However, we do expect that we will continue to outgrow the market in the mid-to high single digits. Adjusted EBITDA will continue to benefit from the structural savings that we benefited from in the third quarter, while we do expect cost increase due to the expiration of short-term salary reductions and a gradual increase in discretionary spending.
Engineering recoveries will not have the same seasonality in the fourth quarter as they had in prior year. We expect full year net engineering to be down in the mid-20% range compared to prior year. In total, we are now anticipating that decremental margins will be in the mid-teens for the full year. Moving to cash flow.
Page 12 provides an overview of our cash and net cash position at the end of the quarter as well as our adjusted free cash flow for the first three quarters of the year.
Our balance sheet continues to be one of the best in the industry with a net cash position of $87 million and a net debt to last 12-month EBITDA ratio of negative 0.4 times with no near-term debt maturity before 2024. Adjusted free cash flow year-to-date was $37 million and Q3 adjusted free cash flow was $103 million.
Working capital was a source of cash, benefiting from our focus on optimizing inventory levels and negotiating temporary extended payment terms with our suppliers. Capital expenditures decreased by more than 20% on a year-to-date basis, putting us on track to reduce CapEx by 20% and spend $115 million for the full year.
In the fourth quarter, we anticipate approximately a $20 million reversal from temporary supplier payment term expansions and will plan tocontribute approximately €17 million to the Visteon U.S. pension plan.
Despite these expected cash outflows in the fourth quarter, we are anticipating adjusted free cash flow for the full year to be slightly above breakeven levels.
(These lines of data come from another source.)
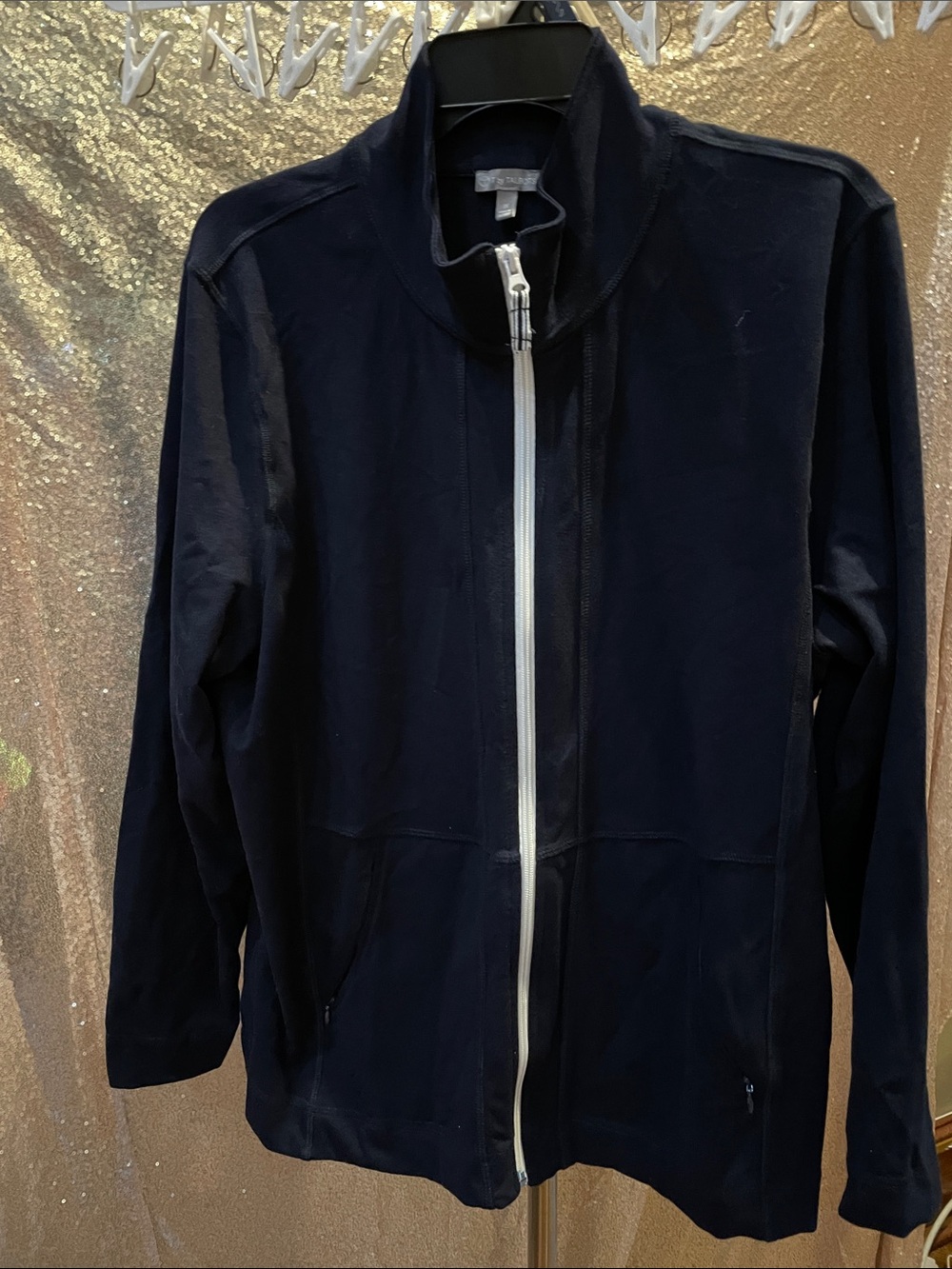 Talbots Navy Zip-Front Lightweight Jacket with White Zipper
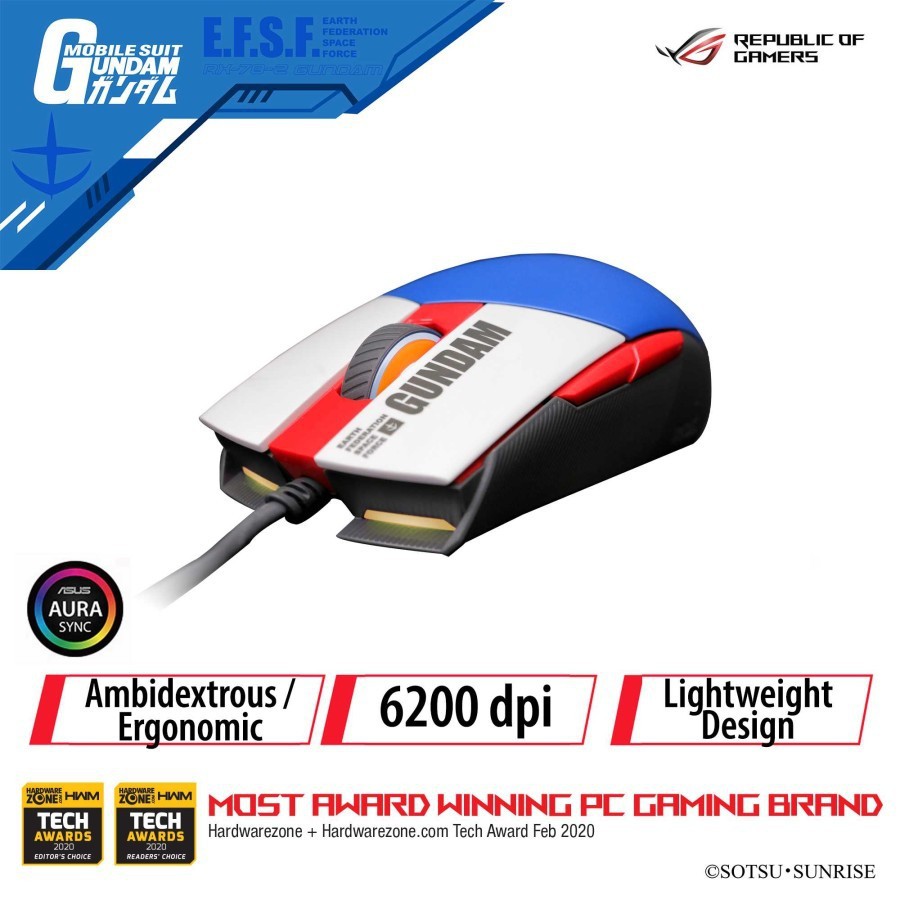 Mouse Asus Rog Strix Impact II RGB Gundam - Mouse Asus Strix Impact II Gundam Edition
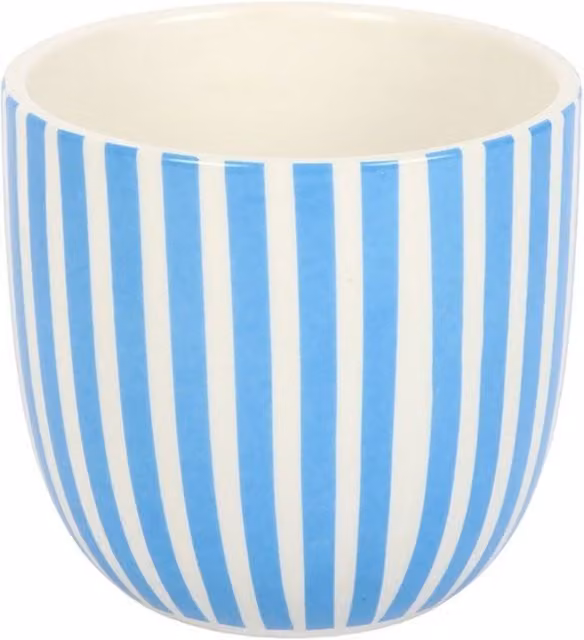 KDMK Blue Striped La Dolce Vita Ceramic Tabletop Plant Pot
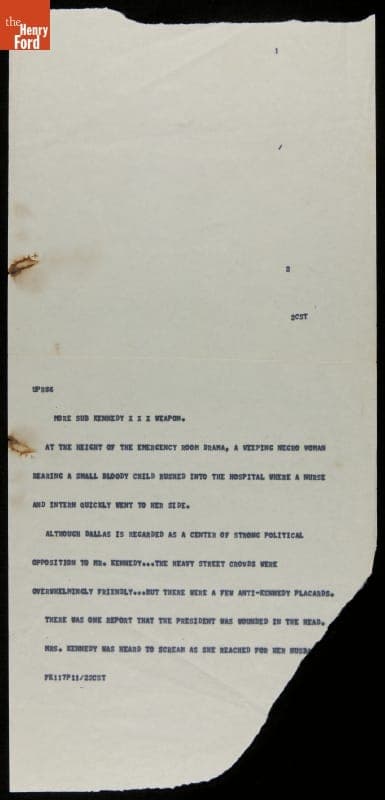Teletype Message with Wire Service News Coverage of John F. Kennedy Assassination, November 22, 1963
Turning to Page 13.Visteon continues to be a compelling long-term investment opportunity.
We have positioned the company for top line growth, margin expansion and increased free cash flow generation, while our strong balance sheet provides maximum flexibility. Thank you for your time today. I would now like to open the call for your questions..
[Operator Instructions] Your first question is from the line of Brian Johnson with Barclays..
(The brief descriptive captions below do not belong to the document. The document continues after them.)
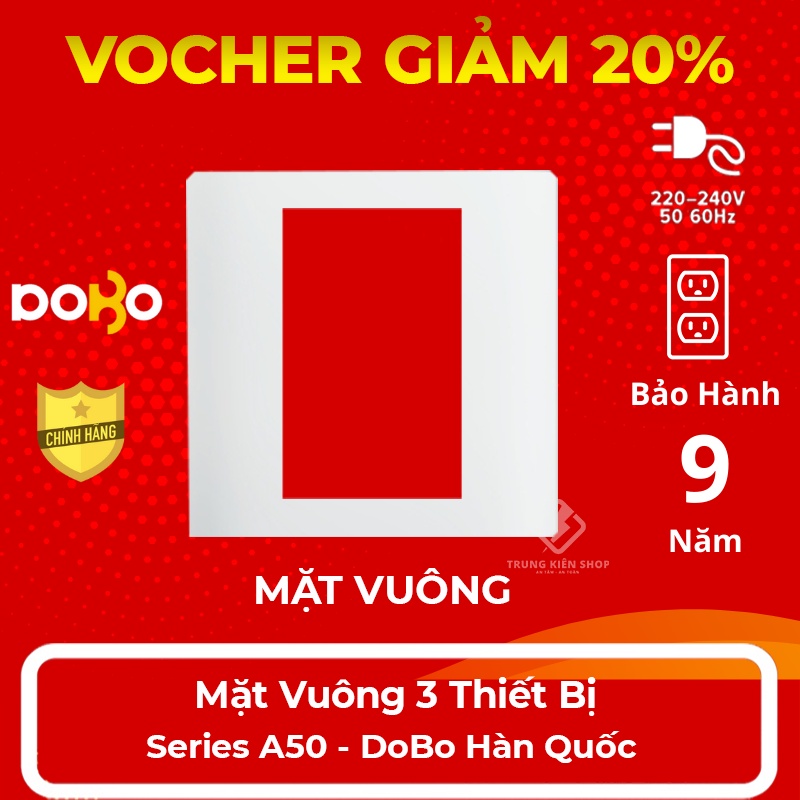 [HÀNG CHÍNH HÃNG] Mặt nạ vuông 2 -3 thiết bị âm tường đế vuông Thiết Bị DoBo Korea - Mặt Công Tắc, Mặt Ổ Cắm hình vuông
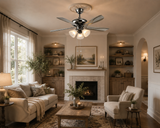 3 LIGHT GLASS CEILING FAN CHANDELIER 52 INCH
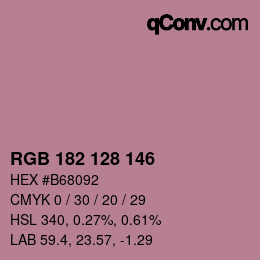カラーコード: RGB 182 128 146 | qconv.com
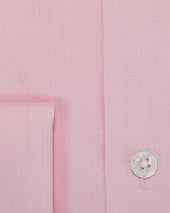 Classic Fit Plain Pink End On End Cotton Shirt With Cut Away Collar Double Cuff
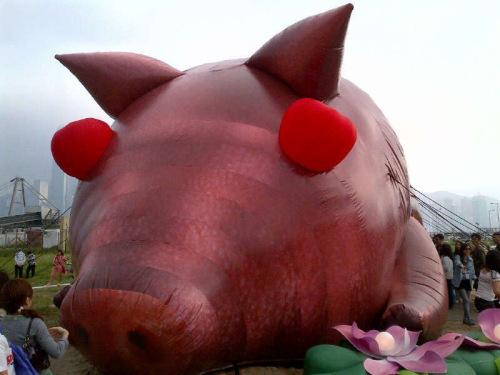 Pumped up inflatable pig in Kowloon Park, Hong Kong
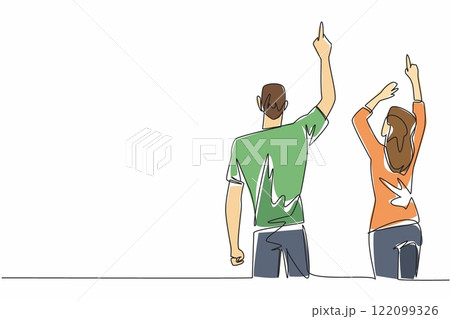 Continuous one line drawing rear view, a woman and a man in casual clothes, their hands pointing upwards. Beautiful spring. Aurora. Look Up at The Sky Day. Single line draw design vector illustration 122099326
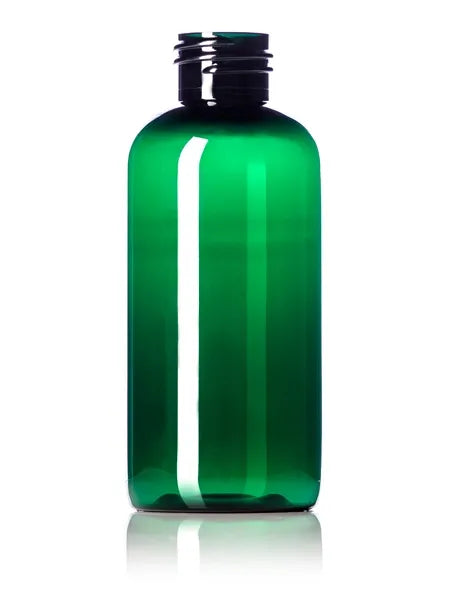 4 oz amber PET plastic boston round bottle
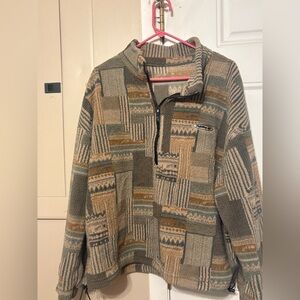 Patterned Quarter-Zip Sweater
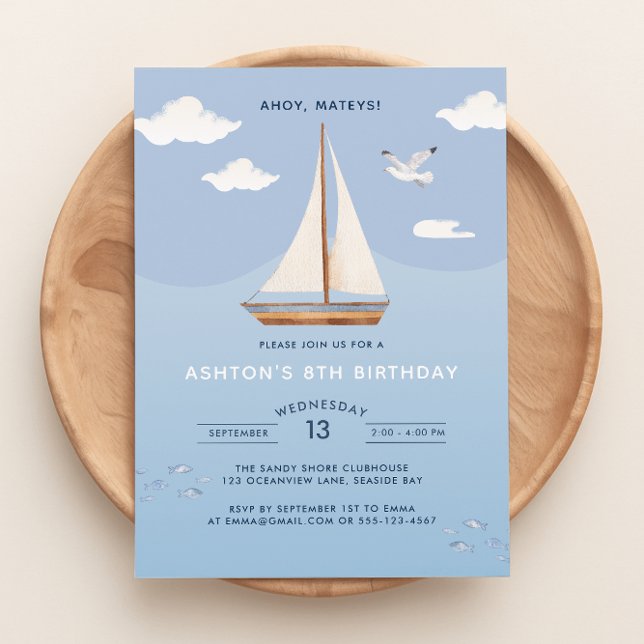 Invitación de cumpleaños a los niños de los barcos (Subido por el creador)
A couple of questions. First, I might have missed it, but in terms of, on Page 11, the $25 million year-over-year EBITDA increase.
How much of the temporary measures can come back and how much is just permanent reduction in SG&A, operational improvement and so forth?.
Yes. Brian, it's Jerome here. We, I've mentioned it in the script, indeed. We are estimating that close to 1.5, 2 percentage points of EBITDA is related to austerity measures that we took in Q2 and Q3 that will not be repeating again in Q4.
So in a very simplified way, you could normalize our results in Q3 by just removing that, which would give you a 9.5%, 9.6% EBITDA to 10% to 10.1% EBITDA range for the quarter. I think the 1 point which is important to mention as well is that I think we benefited from reduced activity levels in Q3 like we did as well in Q2.
And as we are getting into Q4, we do see a regain of activity level, especially on the engineering side. And that will probably as well continue going into 2021..
Second and sort of a follow-on question on margins. When we think, on Page 3, about those 3 big drivers of your growth, the digital clusters, the audio infotainment and the displays, another competitor at this piece emphasized that they are moving away from displays, not happy with the margins there.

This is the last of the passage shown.